Since February 2025, the US government has continuously announced the imposition of tariffs on Chinese goods imported to the US. International trade involving chemical raw materials has attracted much attention, especially with the recent US tariffs and China's countermeasures. China's chemical exports are facing significant challenges. But in the industry's view, structural opportunities still exist in the chemical industry.
The US government's trade policy may not only restrict the development of Chinese chemical companies and related downstream terminal industries, but also affect the global chemical trade pattern, "said Ma Yingjun, an analyst at Zhuochuang Information.

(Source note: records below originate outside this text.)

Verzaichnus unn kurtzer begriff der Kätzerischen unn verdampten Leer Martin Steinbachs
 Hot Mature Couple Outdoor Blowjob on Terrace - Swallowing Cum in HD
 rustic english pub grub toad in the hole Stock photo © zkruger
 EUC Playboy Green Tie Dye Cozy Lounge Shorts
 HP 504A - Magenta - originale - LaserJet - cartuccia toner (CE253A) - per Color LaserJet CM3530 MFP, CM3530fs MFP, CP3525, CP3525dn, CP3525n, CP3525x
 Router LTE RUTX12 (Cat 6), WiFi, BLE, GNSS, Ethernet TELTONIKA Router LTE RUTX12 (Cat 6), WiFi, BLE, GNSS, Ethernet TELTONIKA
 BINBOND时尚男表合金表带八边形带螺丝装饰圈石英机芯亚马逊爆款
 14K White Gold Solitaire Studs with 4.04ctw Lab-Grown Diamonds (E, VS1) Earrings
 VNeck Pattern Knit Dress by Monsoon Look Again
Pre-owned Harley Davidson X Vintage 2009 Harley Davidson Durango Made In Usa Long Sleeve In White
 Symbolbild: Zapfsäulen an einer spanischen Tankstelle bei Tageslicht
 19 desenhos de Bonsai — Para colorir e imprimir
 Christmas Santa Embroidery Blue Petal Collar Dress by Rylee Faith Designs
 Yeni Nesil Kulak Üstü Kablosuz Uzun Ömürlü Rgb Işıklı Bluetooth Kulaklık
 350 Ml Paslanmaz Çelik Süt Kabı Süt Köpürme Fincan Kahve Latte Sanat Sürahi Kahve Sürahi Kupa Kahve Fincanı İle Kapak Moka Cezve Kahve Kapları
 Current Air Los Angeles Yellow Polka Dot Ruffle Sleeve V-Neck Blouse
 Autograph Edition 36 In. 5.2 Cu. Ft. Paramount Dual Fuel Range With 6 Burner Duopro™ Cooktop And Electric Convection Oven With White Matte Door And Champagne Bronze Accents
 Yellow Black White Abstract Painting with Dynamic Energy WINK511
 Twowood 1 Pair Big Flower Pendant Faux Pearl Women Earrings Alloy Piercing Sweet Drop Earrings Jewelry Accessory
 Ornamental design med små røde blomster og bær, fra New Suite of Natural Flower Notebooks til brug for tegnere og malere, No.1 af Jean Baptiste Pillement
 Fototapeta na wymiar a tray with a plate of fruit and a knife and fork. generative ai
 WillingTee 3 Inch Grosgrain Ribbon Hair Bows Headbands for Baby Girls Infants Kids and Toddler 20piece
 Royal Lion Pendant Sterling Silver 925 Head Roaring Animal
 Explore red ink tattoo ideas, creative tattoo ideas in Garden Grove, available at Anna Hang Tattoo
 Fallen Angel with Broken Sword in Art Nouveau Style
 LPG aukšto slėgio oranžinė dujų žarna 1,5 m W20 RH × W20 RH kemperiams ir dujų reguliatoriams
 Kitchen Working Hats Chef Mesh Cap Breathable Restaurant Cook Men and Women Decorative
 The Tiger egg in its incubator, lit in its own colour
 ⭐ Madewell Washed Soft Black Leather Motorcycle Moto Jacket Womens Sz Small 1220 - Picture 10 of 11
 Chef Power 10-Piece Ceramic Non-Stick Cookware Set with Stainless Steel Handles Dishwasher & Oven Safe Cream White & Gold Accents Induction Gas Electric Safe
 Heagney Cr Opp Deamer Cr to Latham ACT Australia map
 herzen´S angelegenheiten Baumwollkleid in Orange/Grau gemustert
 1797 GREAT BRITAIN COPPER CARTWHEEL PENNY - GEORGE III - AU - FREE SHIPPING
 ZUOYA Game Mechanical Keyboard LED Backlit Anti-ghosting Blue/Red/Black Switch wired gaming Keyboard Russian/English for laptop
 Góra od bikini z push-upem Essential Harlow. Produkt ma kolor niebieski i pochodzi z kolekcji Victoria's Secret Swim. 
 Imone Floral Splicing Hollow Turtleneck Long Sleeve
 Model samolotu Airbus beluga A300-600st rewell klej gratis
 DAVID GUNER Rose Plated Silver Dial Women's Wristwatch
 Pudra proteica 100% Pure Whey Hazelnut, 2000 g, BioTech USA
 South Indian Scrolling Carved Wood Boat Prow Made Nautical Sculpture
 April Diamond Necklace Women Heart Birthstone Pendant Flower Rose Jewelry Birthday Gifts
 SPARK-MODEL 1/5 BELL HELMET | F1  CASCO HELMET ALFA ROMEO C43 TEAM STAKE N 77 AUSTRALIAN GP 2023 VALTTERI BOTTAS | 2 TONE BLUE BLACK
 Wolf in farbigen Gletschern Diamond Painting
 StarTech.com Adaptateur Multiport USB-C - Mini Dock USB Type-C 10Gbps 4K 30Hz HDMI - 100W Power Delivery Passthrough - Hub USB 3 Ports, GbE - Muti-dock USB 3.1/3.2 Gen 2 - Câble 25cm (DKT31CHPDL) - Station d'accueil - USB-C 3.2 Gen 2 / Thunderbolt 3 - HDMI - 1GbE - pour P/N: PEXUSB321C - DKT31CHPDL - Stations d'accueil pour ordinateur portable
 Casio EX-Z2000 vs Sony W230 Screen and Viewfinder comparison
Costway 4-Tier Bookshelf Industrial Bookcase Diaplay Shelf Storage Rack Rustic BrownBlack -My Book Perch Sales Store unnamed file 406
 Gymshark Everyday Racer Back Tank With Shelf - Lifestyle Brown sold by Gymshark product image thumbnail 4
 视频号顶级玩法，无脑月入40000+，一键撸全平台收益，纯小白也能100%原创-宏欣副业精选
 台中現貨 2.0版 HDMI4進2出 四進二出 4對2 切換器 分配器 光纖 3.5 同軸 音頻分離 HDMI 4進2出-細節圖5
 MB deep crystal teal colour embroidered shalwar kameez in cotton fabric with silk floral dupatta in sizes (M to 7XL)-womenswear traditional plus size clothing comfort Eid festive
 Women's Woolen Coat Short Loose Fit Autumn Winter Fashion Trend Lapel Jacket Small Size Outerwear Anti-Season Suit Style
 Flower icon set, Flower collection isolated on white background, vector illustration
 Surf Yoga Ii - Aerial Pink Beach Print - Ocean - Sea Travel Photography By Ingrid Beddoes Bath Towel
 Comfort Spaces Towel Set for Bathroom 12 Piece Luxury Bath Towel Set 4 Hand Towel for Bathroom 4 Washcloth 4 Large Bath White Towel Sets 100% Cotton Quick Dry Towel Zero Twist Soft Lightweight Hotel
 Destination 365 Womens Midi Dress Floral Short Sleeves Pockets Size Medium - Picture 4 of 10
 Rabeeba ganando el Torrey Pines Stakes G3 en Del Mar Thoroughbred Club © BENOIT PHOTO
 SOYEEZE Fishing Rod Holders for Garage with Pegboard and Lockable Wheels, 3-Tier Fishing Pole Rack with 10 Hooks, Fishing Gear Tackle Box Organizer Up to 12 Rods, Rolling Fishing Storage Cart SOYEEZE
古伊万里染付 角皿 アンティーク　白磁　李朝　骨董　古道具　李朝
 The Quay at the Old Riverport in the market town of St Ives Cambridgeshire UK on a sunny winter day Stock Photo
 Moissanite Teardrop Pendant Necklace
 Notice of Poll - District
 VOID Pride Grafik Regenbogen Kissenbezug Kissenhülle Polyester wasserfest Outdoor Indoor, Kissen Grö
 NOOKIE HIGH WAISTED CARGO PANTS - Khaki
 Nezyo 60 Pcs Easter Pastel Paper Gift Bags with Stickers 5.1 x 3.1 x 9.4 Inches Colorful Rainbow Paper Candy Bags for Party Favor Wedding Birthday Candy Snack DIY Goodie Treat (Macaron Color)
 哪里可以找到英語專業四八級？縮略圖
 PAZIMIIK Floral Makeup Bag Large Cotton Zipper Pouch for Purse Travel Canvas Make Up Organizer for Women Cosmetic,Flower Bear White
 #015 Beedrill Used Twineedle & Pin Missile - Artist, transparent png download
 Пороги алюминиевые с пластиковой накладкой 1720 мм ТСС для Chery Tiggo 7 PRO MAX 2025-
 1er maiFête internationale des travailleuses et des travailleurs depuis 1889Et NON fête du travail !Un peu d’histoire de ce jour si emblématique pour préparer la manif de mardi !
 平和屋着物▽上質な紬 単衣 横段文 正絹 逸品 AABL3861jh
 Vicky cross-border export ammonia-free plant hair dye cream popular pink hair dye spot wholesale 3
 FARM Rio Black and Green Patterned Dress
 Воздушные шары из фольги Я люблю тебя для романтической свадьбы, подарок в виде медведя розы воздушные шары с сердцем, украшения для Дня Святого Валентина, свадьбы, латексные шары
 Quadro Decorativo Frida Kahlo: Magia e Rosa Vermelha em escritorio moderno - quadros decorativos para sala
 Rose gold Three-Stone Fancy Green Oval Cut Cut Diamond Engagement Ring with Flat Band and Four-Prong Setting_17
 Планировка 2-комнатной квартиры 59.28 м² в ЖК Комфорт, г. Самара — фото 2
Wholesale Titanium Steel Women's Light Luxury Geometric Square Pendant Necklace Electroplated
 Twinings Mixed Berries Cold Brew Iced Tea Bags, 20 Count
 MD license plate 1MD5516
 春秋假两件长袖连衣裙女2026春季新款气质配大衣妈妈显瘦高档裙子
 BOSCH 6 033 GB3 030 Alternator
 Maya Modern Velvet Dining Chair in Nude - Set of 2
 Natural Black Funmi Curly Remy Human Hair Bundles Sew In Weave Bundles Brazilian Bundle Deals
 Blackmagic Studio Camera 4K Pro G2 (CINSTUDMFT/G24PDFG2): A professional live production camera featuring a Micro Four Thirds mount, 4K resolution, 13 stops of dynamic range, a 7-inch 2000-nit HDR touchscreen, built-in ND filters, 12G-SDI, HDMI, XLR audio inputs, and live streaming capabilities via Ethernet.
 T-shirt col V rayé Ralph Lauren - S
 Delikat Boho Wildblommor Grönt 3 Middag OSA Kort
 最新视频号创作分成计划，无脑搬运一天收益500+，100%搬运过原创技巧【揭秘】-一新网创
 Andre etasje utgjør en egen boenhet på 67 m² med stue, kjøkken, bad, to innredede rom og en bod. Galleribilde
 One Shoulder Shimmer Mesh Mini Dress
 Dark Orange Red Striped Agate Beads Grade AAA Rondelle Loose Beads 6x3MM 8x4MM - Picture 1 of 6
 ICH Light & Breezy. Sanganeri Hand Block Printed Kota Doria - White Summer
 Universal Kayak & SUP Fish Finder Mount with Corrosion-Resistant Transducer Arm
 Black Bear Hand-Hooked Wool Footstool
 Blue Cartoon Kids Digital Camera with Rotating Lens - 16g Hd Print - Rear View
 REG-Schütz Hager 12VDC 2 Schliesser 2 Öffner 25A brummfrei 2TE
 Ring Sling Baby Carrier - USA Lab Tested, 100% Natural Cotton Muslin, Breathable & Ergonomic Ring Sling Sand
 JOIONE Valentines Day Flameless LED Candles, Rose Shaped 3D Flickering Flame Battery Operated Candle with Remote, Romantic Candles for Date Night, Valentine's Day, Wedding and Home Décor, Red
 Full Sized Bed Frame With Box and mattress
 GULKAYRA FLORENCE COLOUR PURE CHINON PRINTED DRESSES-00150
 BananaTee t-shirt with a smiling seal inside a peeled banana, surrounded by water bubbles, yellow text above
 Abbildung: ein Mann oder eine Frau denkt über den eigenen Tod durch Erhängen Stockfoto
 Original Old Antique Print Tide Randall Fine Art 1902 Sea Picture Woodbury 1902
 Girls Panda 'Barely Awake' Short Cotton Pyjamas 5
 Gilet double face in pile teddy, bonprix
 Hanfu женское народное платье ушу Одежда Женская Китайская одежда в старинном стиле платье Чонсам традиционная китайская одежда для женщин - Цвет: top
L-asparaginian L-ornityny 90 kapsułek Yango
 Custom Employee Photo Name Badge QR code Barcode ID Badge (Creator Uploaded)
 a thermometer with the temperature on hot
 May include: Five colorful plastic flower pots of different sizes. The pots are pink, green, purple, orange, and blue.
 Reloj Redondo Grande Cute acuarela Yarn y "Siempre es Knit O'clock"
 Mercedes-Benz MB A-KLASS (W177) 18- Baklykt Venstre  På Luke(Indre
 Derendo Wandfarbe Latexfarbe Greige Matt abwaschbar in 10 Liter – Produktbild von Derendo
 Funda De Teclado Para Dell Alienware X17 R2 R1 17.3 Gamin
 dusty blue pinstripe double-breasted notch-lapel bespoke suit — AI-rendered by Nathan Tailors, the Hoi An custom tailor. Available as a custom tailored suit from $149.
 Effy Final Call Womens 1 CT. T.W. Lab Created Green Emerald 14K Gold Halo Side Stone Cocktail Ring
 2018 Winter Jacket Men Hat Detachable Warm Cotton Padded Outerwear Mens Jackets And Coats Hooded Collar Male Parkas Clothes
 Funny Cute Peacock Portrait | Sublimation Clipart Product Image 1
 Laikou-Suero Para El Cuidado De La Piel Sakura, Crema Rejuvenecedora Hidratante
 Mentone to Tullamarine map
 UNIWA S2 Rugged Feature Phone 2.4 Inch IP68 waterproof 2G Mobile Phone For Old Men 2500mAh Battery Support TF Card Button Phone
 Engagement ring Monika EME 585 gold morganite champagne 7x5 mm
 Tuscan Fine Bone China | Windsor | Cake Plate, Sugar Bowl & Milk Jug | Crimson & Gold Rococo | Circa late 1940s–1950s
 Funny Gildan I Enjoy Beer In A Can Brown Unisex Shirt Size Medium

Under the current tariff policy, it may trigger a global trend of trade protectionism, causing other countries to adopt similar trade restrictions, thereby changing the global trade flow and market pattern of chemical products.
For example, by partially offsetting the adverse effects through Southeast Asia and Mexico, or developing emerging markets such as Latin America and Africa, we can promote the growth of raw material and intermediate exports. "Jia Tingting, an analyst at Zhuochuang Information, said that high-end chemicals still have market competitiveness due to their technological barriers, and cost optimization and overseas strategic layout will become the key to the long-term development of enterprises.
Ma Yingjun also said that Chinese chemical enterprises need to adjust the export market structure in response to the US tariff policy, increase trade cooperation with other countries and emerging markets, and promote the development of chemical products trade in the "the Belt and Road" countries. For example, chemical companies are increasing their market expansion in Southeast Asia, the Middle East, and Africa, strengthening trade cooperation with these countries, expanding the export share of chemical products, and reducing dependence on the US market.